I do have a question, I’ve only been riding for 3 months, at what point do you think I should get clips? I’m not sure I am ready for them but I notice the people I ride with are all clipped in and they are so much faster than me. Is that a big factor in speed?

Thanks,
Ada

This is a great question.  First you never have to get clipless pedals.  Clipless pedals (the ones you clip into) are simply a different way of doing things, barely better in some ways, not as good in other ways.  I have heard from students who say that their local shop told them they need clipless pedals and nothing could be further from the truth.  A good set of flat pedals and sticky soled shoes is a better system for many riders.

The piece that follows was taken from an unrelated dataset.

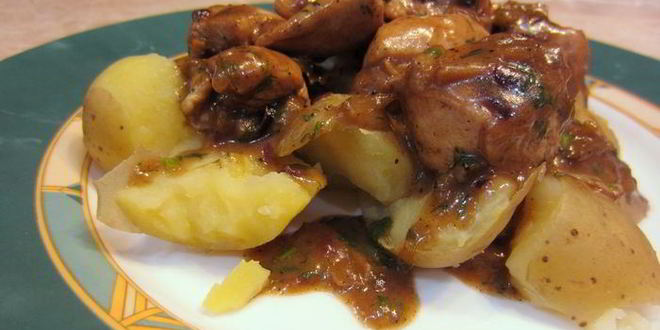 Рецепт куриной грудки под пряным соусом с молодым картофелем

Yes, I usually ride clipped in but it took me a lot of time to get used to clipping in and out and a lot of time to get used to riding clipped in.  The more I ride, coach and learn the more I see the advantages of flat pedals.  I have been riding flat pedals the last few weeks and each day I like them more.

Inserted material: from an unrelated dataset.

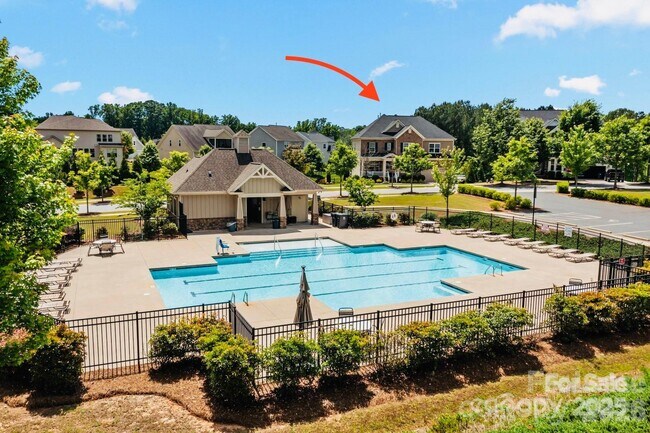 Building Photo - 8634 Shadetree St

Pros of running flat pedals

1. More Confidence! You can take your feet off quickly and easily making trying technical sections and learning important skills like track standing easier. I have a lot of friends who always ride flat pedals (for cross country riding) and like being able to put a foot down at will.  They say this enables them to try more technical moves and sections (especially going uphill) that they would be to scared to try clipped in.

2. Less fear for many riders (which allows the rider to stay in their comfort zone and relax!).  Fear and learning do not mix, you can not learn when scared.  Muscle Tension (which fear produces) and riding do not mix well either.

3. Flat pedals provide more feedback, giving you an idea of how you are riding. Because you are not attached to the pedals if you are riding stiff and relying on your suspension to soak up the bumps (instead of using your body) you will notice that your feet bounce all over the pedals. This is a sign that you should be more relaxed and supple on the trail.

4. Flat pedals don’t allow you to cheat when doing lifting maneuvers such as rear wheel lifts and bunny hops. This can be valuable when learning proper technique.

Pros of being clipped in:
1. I like clips for the “attached” to my bike feel (although they have made me less smooth because of this). When you foot lands with the heel on the pedal (instead of the ball of your foot) you lose the use of your ankle (which is a big part of your shock absorption) and you start plowing into the trail instead of floating smoothly.  So being attached to your pedal keeps you on the ball of your foot no matter how stiff you ride.

2. Being clipped does make pedaling a little more efficient.  Again let me repeat myself, a little more efficient, there have been no studies done that I know of.  If pedaling at 100% efficient vs. 99 or 98% efficient is more important to you than having a little more confidence clipped in might be for you. Remember, being efficient on mountain biking is more than just pedaling, smoothness, cornering ability and confidence will also help you become more efficient.

3. Being clipped in encourages you to corner with correct technique and body position and keep your feet on the pedals (usually when you take a foot off your pedals you end up in an out of balance position often causing a slide out). World Champion Greg Minnaar always uses clips when racing in the mud for this reason. He said in one of my camps, “with flat pedals you take your foot out instinctively, often when you don’t need to”.

Which pedal type should you use?  Experiment!  find which pedal system you fill most comfortable on and confident riding on.

After 18 years of riding clipped in 99% of the time I starting to really enjoy being unclipped!